▸ **Available records**
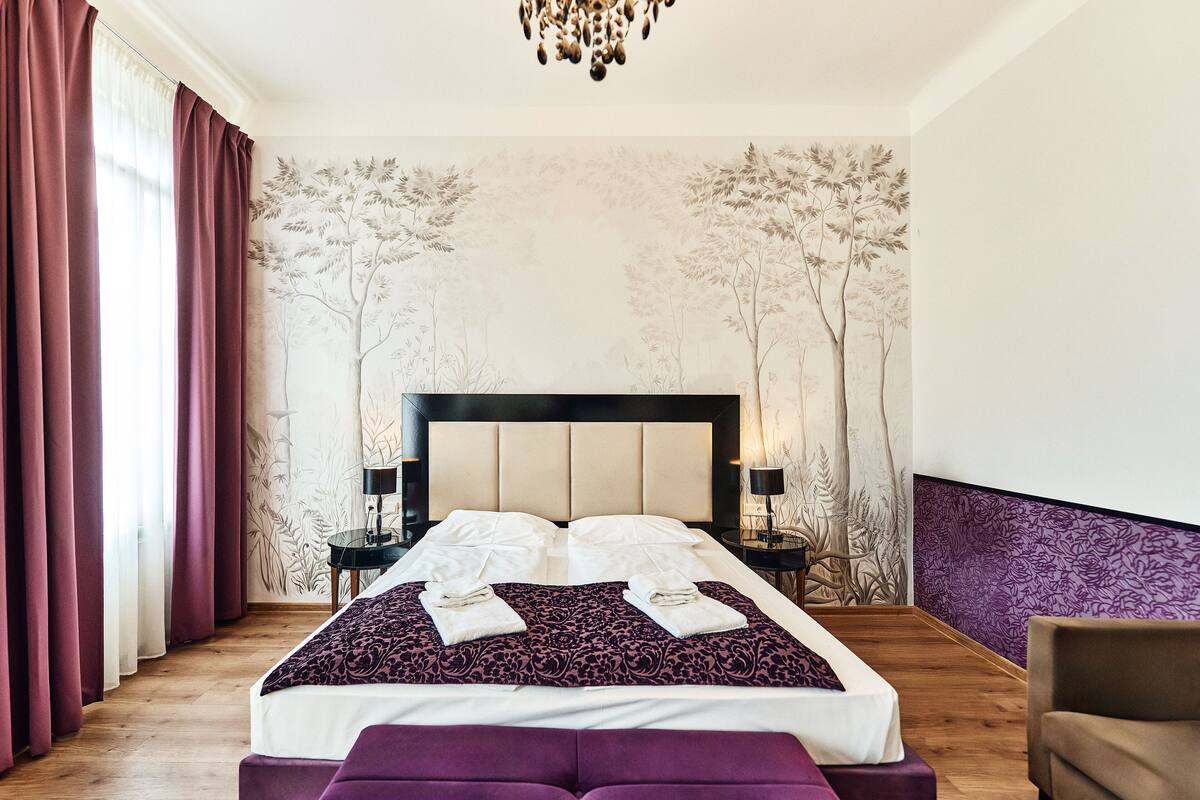 Una habitación de hotel con una cama grande, un cabecero, dos mesitas de noche con lámparas, un banco morado y una pared con un mural de un árbol.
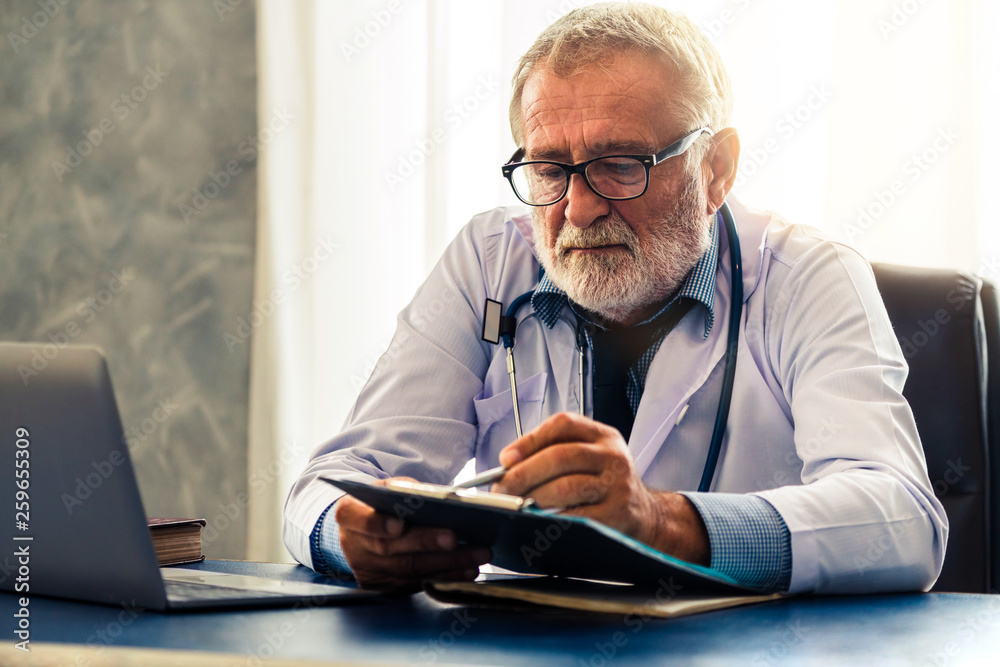 Doctor working in hospital office. Medical healthcare concept.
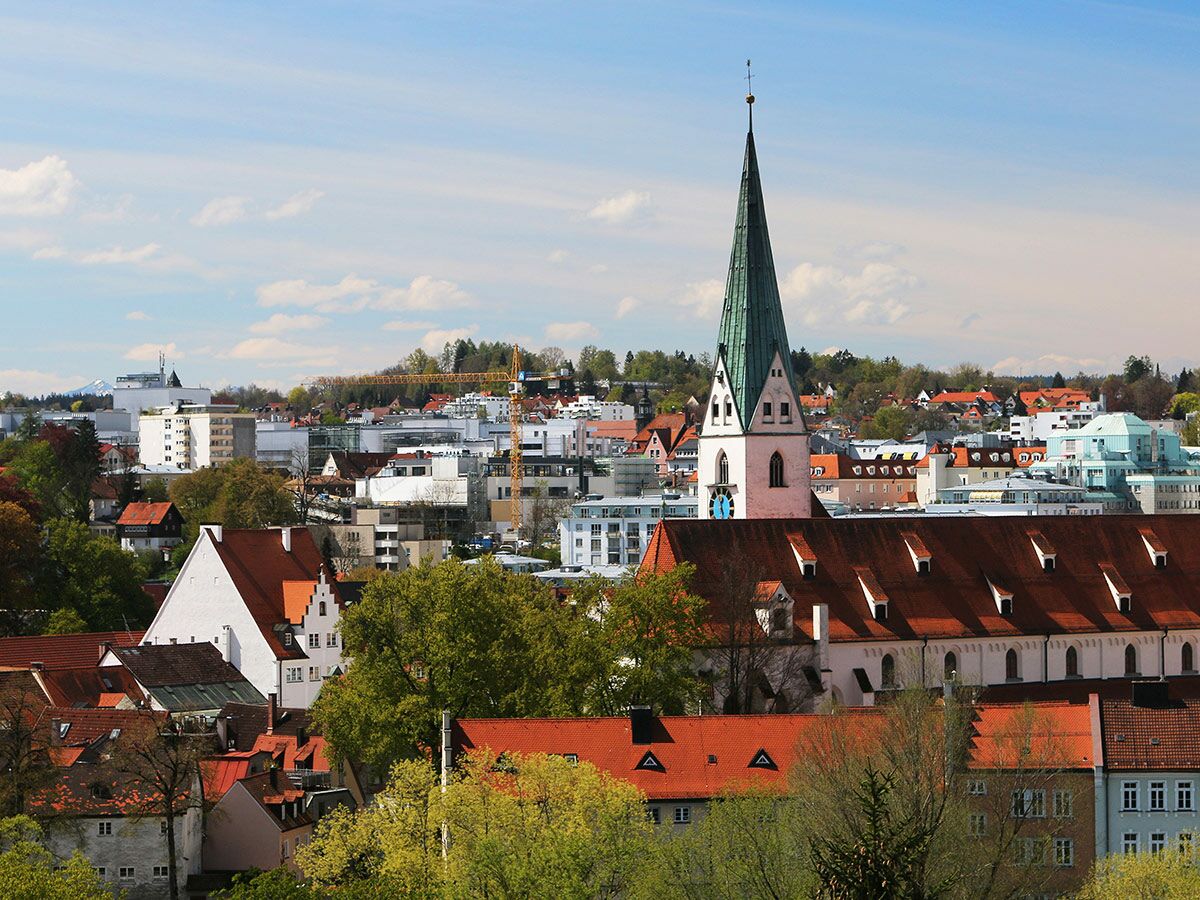 Panoramaansicht einer charmanten deutschen Stadt mit einer hohen Kirchturmspitze, roten Dächern, Bäumen und Bergen im Hintergrund.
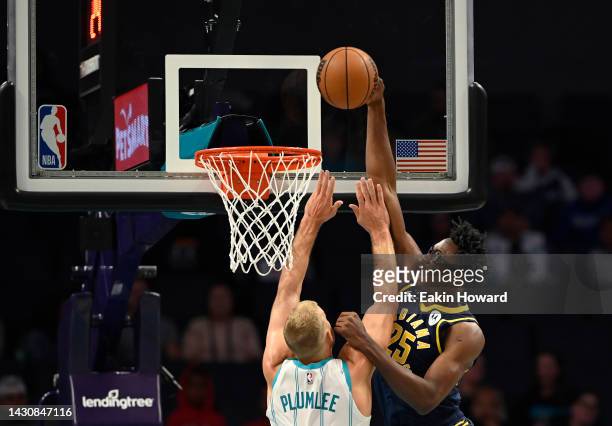 Mason Plumlee of the Charlotte Hornets blocks a dunk by Jalen Smith of the Indiana Pacers in the first quarter during a preseason game at Spectrum...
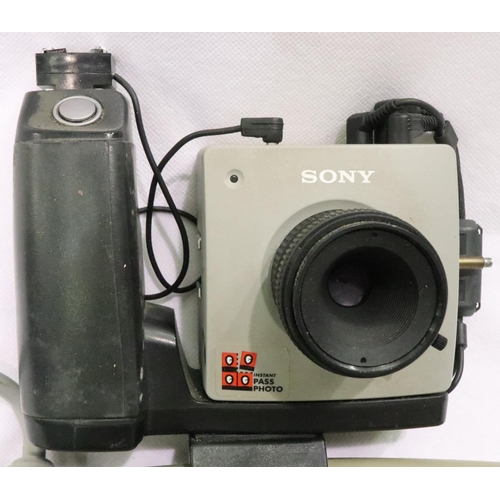 473 - Sony UPA-2050X passport camera with dock. P&P Group 2 (£18+VAT for the first lot and £3+VAT for subs... 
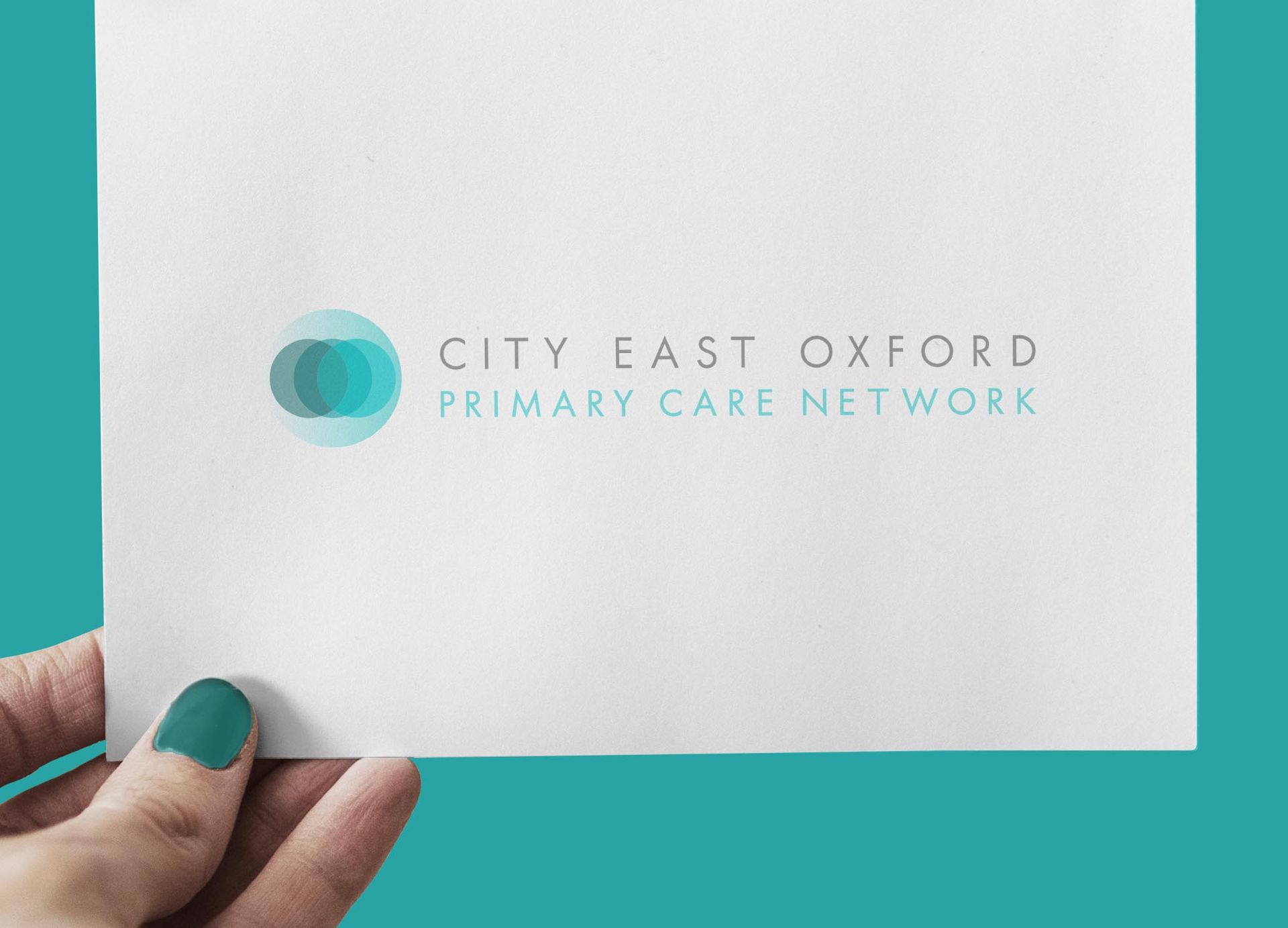 A person is holding a piece of paper that says city east oxford primary care network.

▸ **Task details**
Transcribe the whole of the data exactly, minus any pictures.

▸ **Expected answer**
 Una habitación de hotel con una cama grande, un cabecero, dos mesitas de noche con lámparas, un banco morado y una pared con un mural de un árbol.
 Doctor working in hospital office. Medical healthcare concept.
 Panoramaansicht einer charmanten deutschen Stadt mit einer hohen Kirchturmspitze, roten Dächern, Bäumen und Bergen im Hintergrund.
 Mason Plumlee of the Charlotte Hornets blocks a dunk by Jalen Smith of the Indiana Pacers in the first quarter during a preseason game at Spectrum...
 473 - Sony UPA-2050X passport camera with dock. P&P Group 2 (£18+VAT for the first lot and £3+VAT for subs... 
 A person is holding a piece of paper that says city east oxford primary care network.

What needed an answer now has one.